I would like to know why one cannot find a registered deed of transfer which is written in one of the official South African languages other than English and Afrikaans. I have not seen a single registered document at the Deeds Office which I mainly deal with and it has been just over 13 years into the new dispensation in South Africa.
I acknowledge that, should the Deeds Offices across the country register documents in languages other than the two mentioned above, all sorts of problems may arise. One being that we may not have enough conveyancers who are able to prepare documents in those languages; two being that we may not have sufficient competent deeds examiners who can examine those deeds/documents well enough. A third is that the financial institutions may not be willing and/or able to be supportive of this initiative.
Despite all these likely imminent stumbling blocks that I've mentioned and many others that one can think of, I feel that registration of the documents in all other languages should be encouraged.

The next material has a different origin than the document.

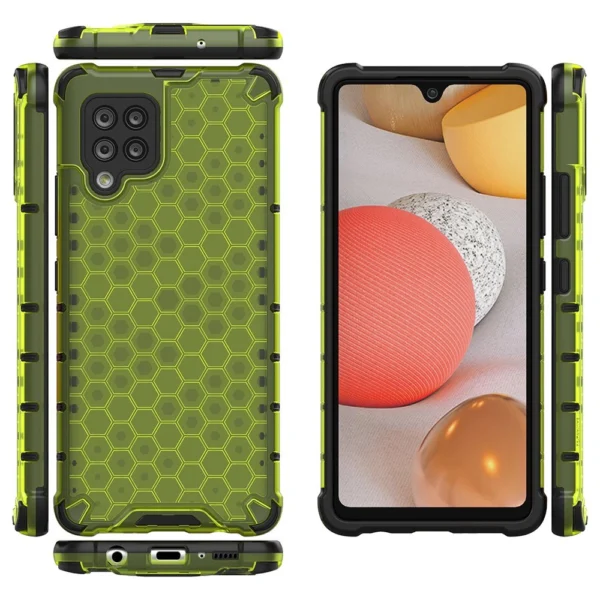 Honeycomb Case armor cover with TPU Bumper for Samsung Galaxy A42 5G green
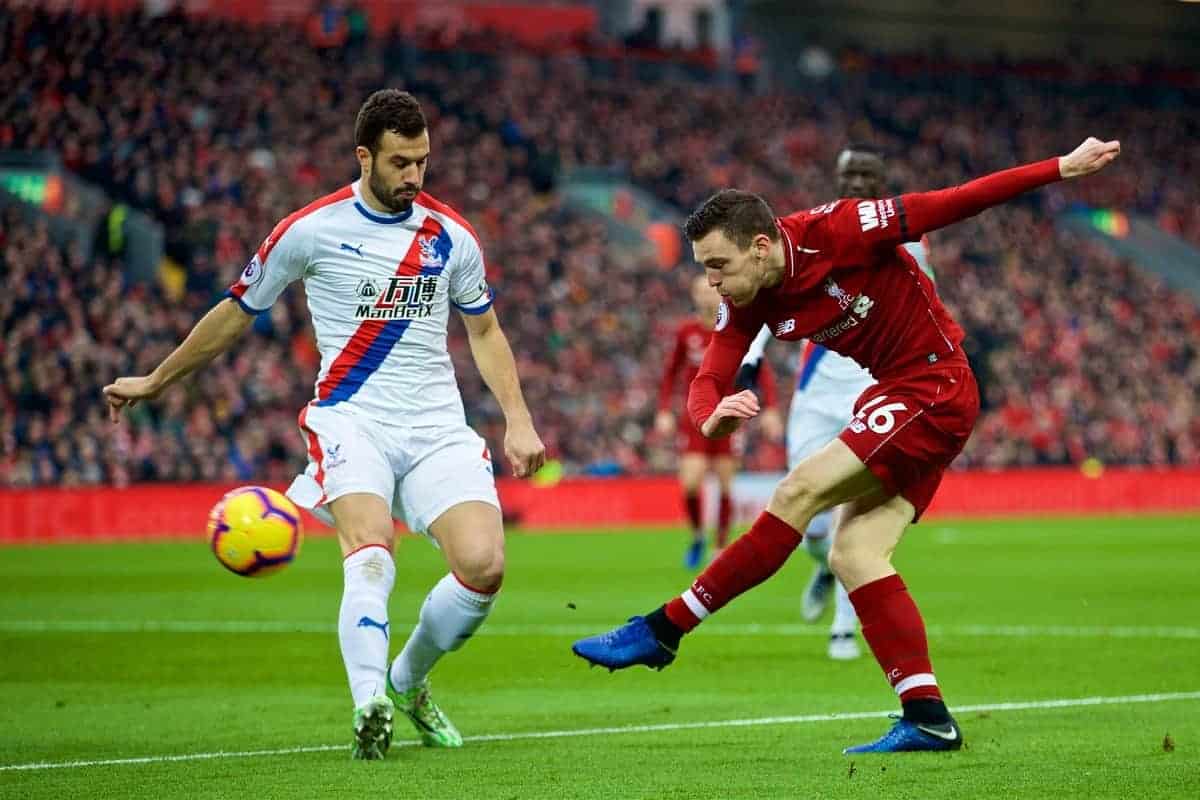 LIVERPOOL, ENGLAND - Saturday, January 19, 2019: Liverpool's Andy Robertson during the FA Premier League match between Liverpool FC and Crystal Palace FC at Anfield. (Pic by David Rawcliffe/Propaganda)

I suggest that the Law Society of South Africa's Property Committee should consider forming some sort of Legislation and Rules (or consider amending/adding to existing laws). Most of the citizens in this country do not use English or Afrikaans as a home language and, for that reason, I think they should be given the option to choose an official language they would prefer their documents to be written in. The Law Society would also have to look into providing some sort of training to practitioners who are not conversant in a language they would like to practice in. The financial institutions would have to follow suit by offering their clients an option to choose any local official language they would prefer.

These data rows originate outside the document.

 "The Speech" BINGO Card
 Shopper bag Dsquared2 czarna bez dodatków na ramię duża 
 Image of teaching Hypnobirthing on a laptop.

It has been suggested by some practitioners that English should be used in all documents tendered for registration at the Deeds Office. I do not think it is fair that Afrikaans and all other official African languages must give way to English. If we are to promote the use of one language at the expense of others in our own country of birth, who will promote and encourage their usage?
Good day, Mr. Morake!
Although I agree to your comments, I cannot help but otherwise wonder where our actual focus in our country is. Yes, it is in all probability (as you state) "unfair" to publish these legal documents in the two languages you have stated, however, should we not rather be concentrating on matters such as Safety and Security in our country and rendering an "Essential Service" to our community, rather than spend ever-scarce resources and money on things such as name changes and the like?!

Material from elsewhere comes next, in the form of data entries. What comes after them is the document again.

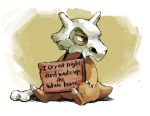  black_eyes bone brown_background commentary creature cubone english_commentary full_body gen_1_pokemon holding holding_bone no_humans onemegawatt pet_shaming pokemon pokemon_(creature) sign sitting solo 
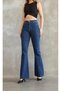 Sophio Darkblue Super High Waist Spanish Leg Jean Flare Women's Lycra Jeans - 3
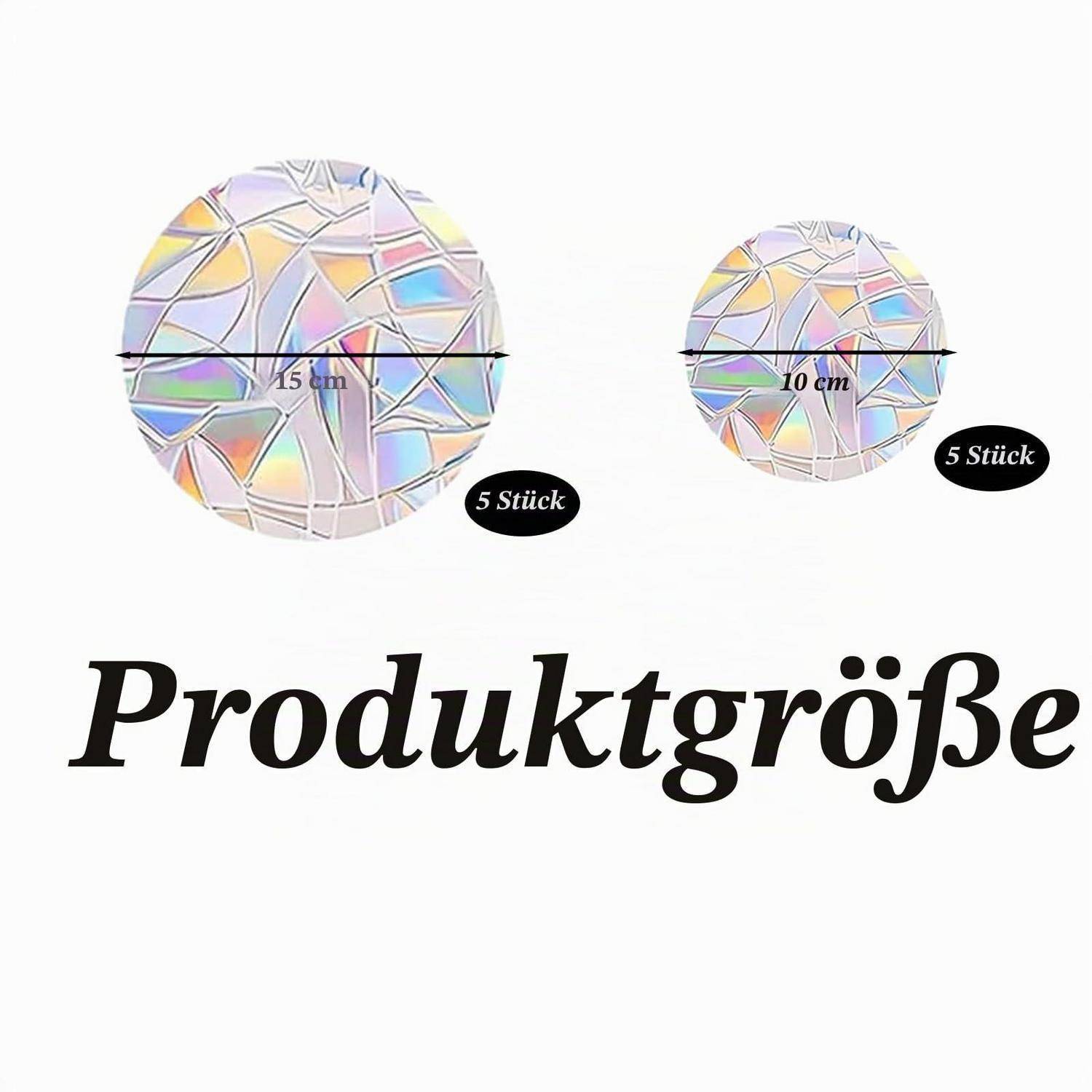 Gezeigte Produktgrößen: zwei holographische runde Artikel, 15 cm und 10 cm, jeweils mit dem Etikett „5 Stück".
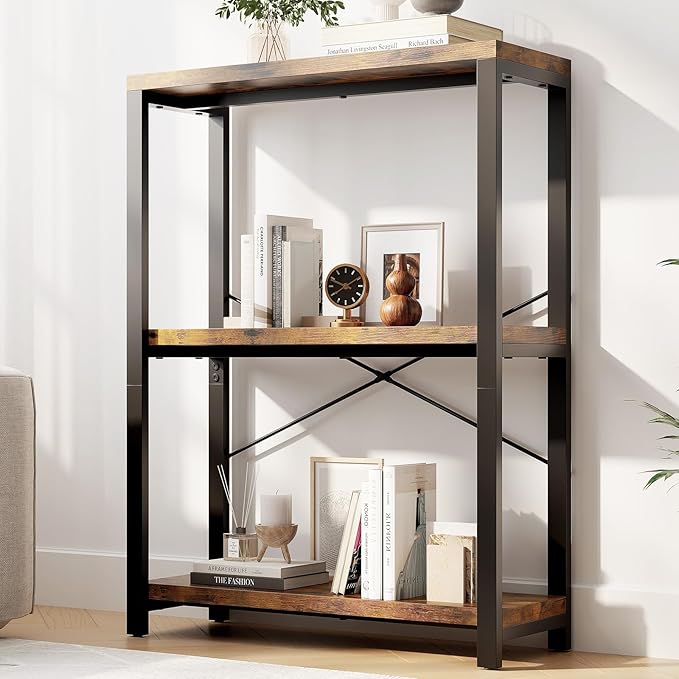 3-Tier Adjustable Heavy Duty Bookshelf, Industrial Wooden Open Storage Rack with Black Metal Frame, Vintage Bookcase with Lock Wall Design, Rustic Brown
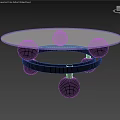 Modern Round Glass Top Coffee Table With Silver Spherical Metal Base Design 3d model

Perhaps I miss the point somewhat, but I am sure you will agree that once we have straightened out the aforementioned, all else should fall in place.
Morake seems to be unaware of the function of the registry, which is to be an repository of data relating to property and other rights which is easily available to the public for information. It is not a tower of babel for the expression of language rights and his suggestion is as impractical.
I cannot understand that anybody can ask this question? In what language would the writer like all deeds to be translated to suite he question? Quite silly will I say. Why are there so many different dictioneries FOR ALL LANGUAGES and not only ONE for ALL LANGUAGES ? MAYBE "EDGAR" MUST REPLY TO MY QUESTION? Thanks Marcia
While it is always encouraged for a persons mother tongue to be used when dealing directly with that person the actual document (deed of transfer) is very seldom if ever of any particular interest to the registered owner.
I do not understand the statement that it is "unfair" to only use English or Afrikaans. Is is not "unfair" to expect the industry serving the general population to learn 11 languages which would be necessary to ensure that no one ever feels this way? It will always be impossible to make everyone happy. The purpose of the document amoungst others, is to serve as documentary proof that it is owned by a particular person/s.
We must not loose sight of the fact that we are all endeavouring to expedite the registration process. To introduce all the other official languages would in all probability be detrimental to the registration process.